Wouldn’t it be more interesting to instead ask, What are your plans for the Fall? What will you do? Where will you go? What will you accomplish? These sorts of questions are just as good a starting point for conversation, just as effective a means of connecting. The difference, of course, is that they are based not in the past but in the immediate future. It’s like the difference between hanging out at the rear of a boat, staring at the familiar shores you’ve left behind, and standing alert at the front, eagerly anticipating the shores to come.

In truth, it’s quite compelling to focus on the past. Whether we’re resting on our laurels for prior accomplishments or berating ourselves for past mistakes, there is a certain ease of familiarity about days gone by.
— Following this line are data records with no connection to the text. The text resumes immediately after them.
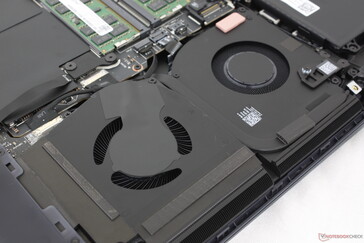 Dahili fanlar Alienware 16 Area-51'den daha büyüktür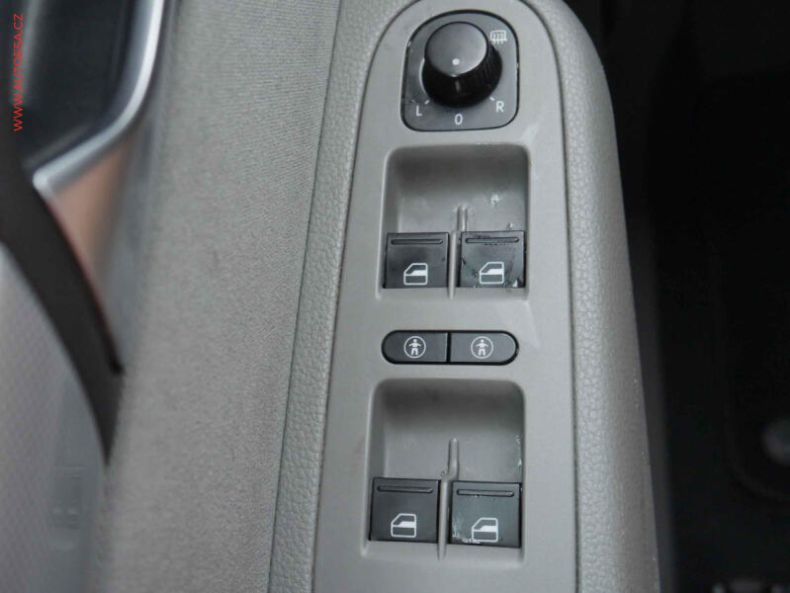 Volkswagen Sharan - hlavní fotka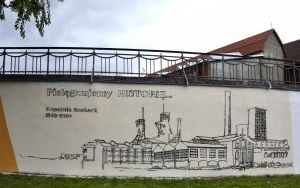 Mural nawiązujący do historii Rozbarku ozdobi zabytkowy mur oporowy (1)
Been there, done that. It may not be exciting anymore but, hey, it’s what we know.

The problem is that staying rooted in the past makes it awfully difficult to forge ahead. You simply can’t look backward and forward at the same time. While it’s perfectly okay and even advisable to reflect on past achievements and errors, you just cannot allow yourself to remain mired in your own history. The way to move forward is, well, to move forward. Chart a course and start sail. Take in all the wonders that lie ahead. Steer clear of the hazards. With both eyes focused on what’s before you, you can make sound decisions and take meaningful steps toward achieving your goals.

While you’re at it, why not move your relationships forward in a similar way? Had a bad encounter with a coworker last month? Let it go. Clean the slate and see how much easier it is to work together without all that resentment forming a wedge between you. Argued with your spouse before work? Take a deep breath and then release the pent up anger. You’ll be more productive – and a lot less irritable – throughout the day. Hey, you may actually look forward to seeing your spouse again at the end of the day - instead of dreading an unpleasant continuation of the morning’s battle.

As the trees release their summer foliage in preparation for the months ahead, reflect upon the value of letting go. Set your sites on what lies ahead and move toward it with confidence and conviction. I assure you, you’ll be better off for doing so.